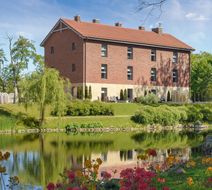 Relais & Chateaux Hotel Quadrille Exterior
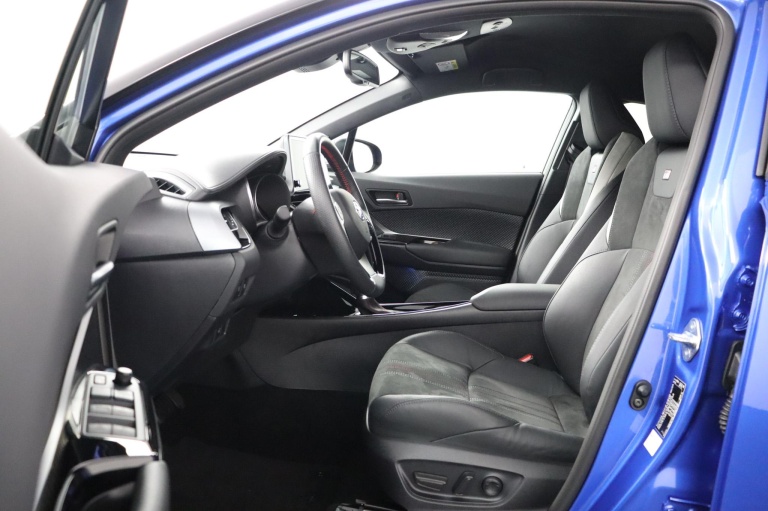 Toyota C-HR - 2.0 Hybrid GR-Sport 17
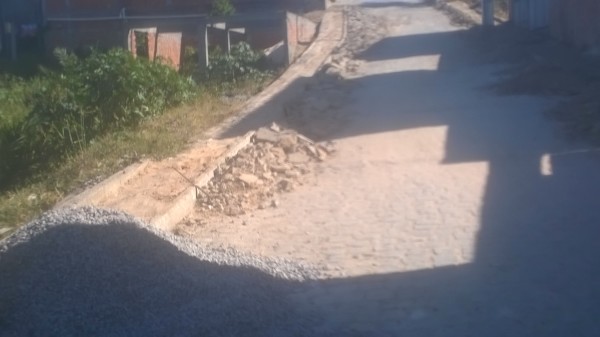 Prefeitura de São Francisco do Conde paga duas vezes por obra de calçadas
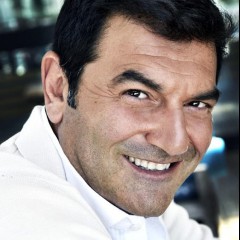 Max , Federico Mandelli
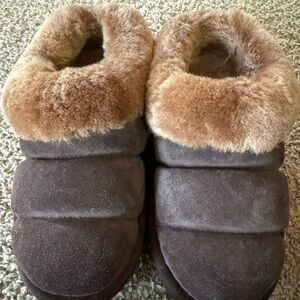 Ugg Women’s Tazzlita platform size 5 in Hardwood color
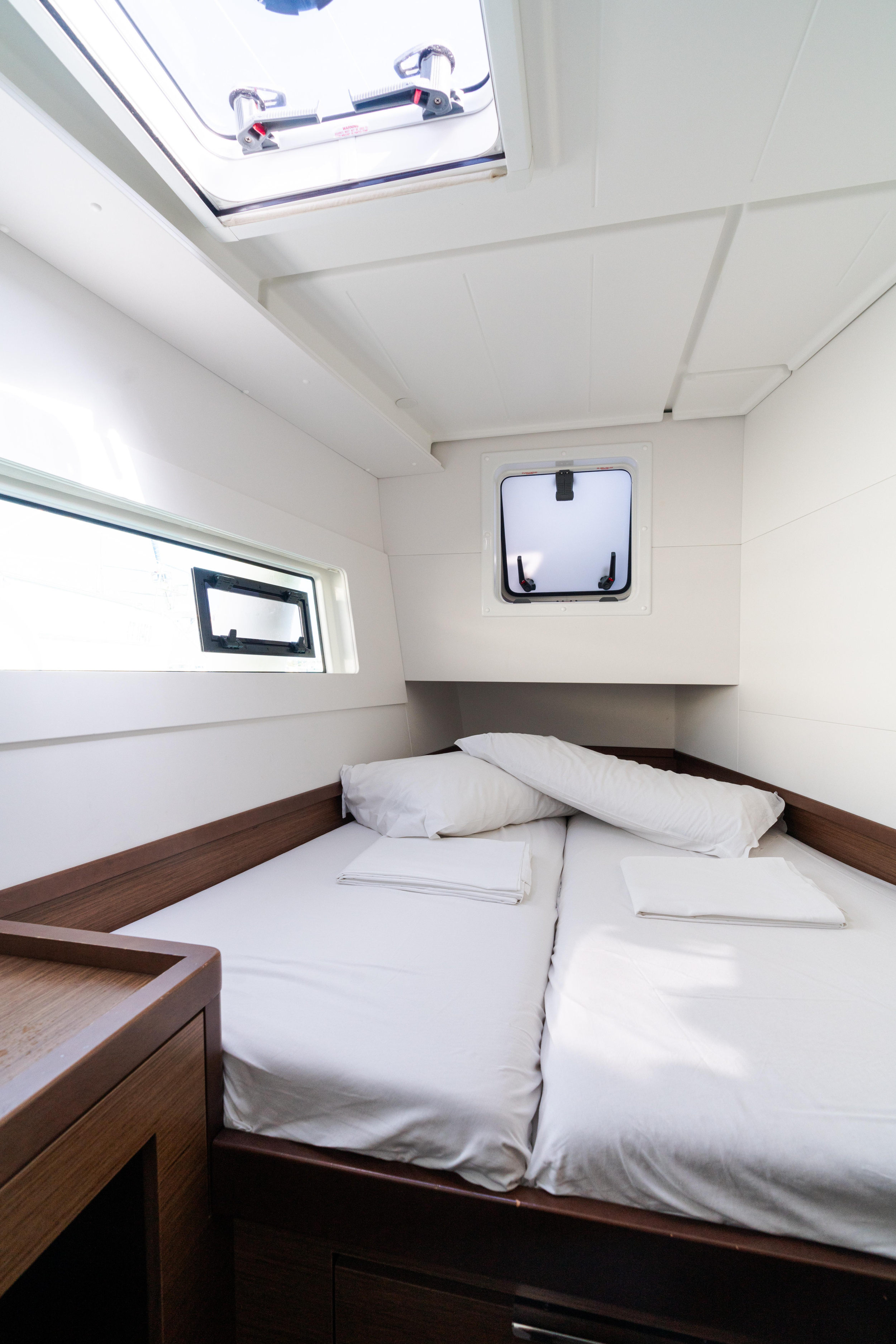 Lagoon 40 — photo 2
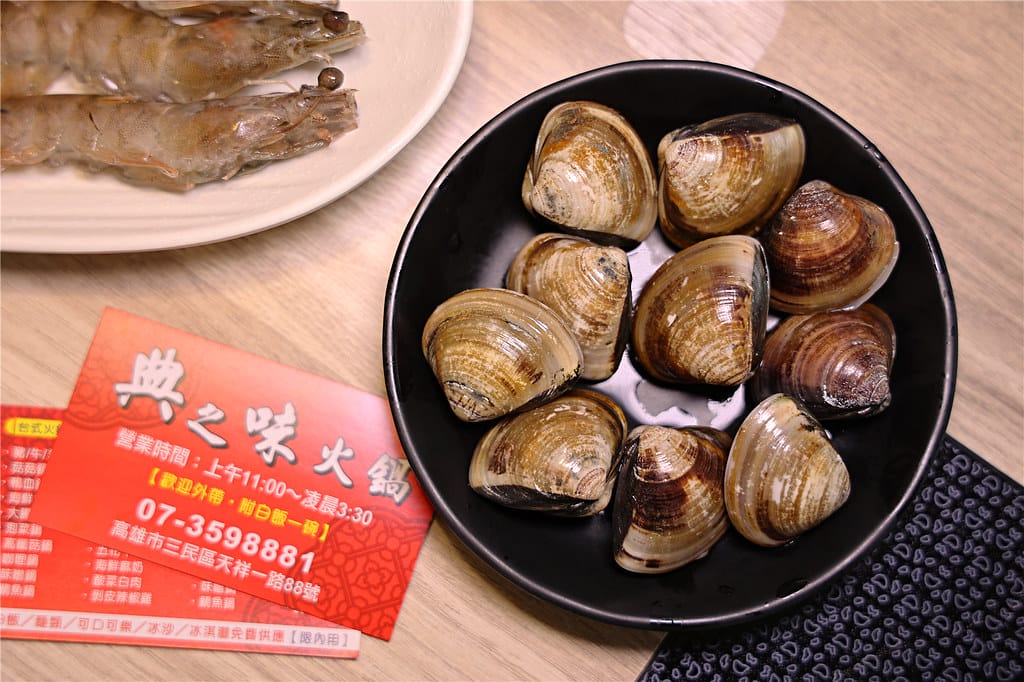 高雄美食-典之味火鍋 新開幕!! 佰元平價質感小火鍋 泡麵. 高雄美食-典之味火鍋 新開幕!! 佰元平價質感小火鍋 泡麵.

- - - - -

Could every entry be restated word for word, pictures excluded?

▶ RESPONSE TO THE EXERCISE:
 Relais & Chateaux Hotel Quadrille Exterior
 Toyota C-HR - 2.0 Hybrid GR-Sport 17
 Prefeitura de São Francisco do Conde paga duas vezes por obra de calçadas
 Max , Federico Mandelli
 Ugg Women’s Tazzlita platform size 5 in Hardwood color
 Lagoon 40 — photo 2
 高雄美食-典之味火鍋 新開幕!! 佰元平價質感小火鍋 泡麵. 高雄美食-典之味火鍋 新開幕!! 佰元平價質感小火鍋 泡麵.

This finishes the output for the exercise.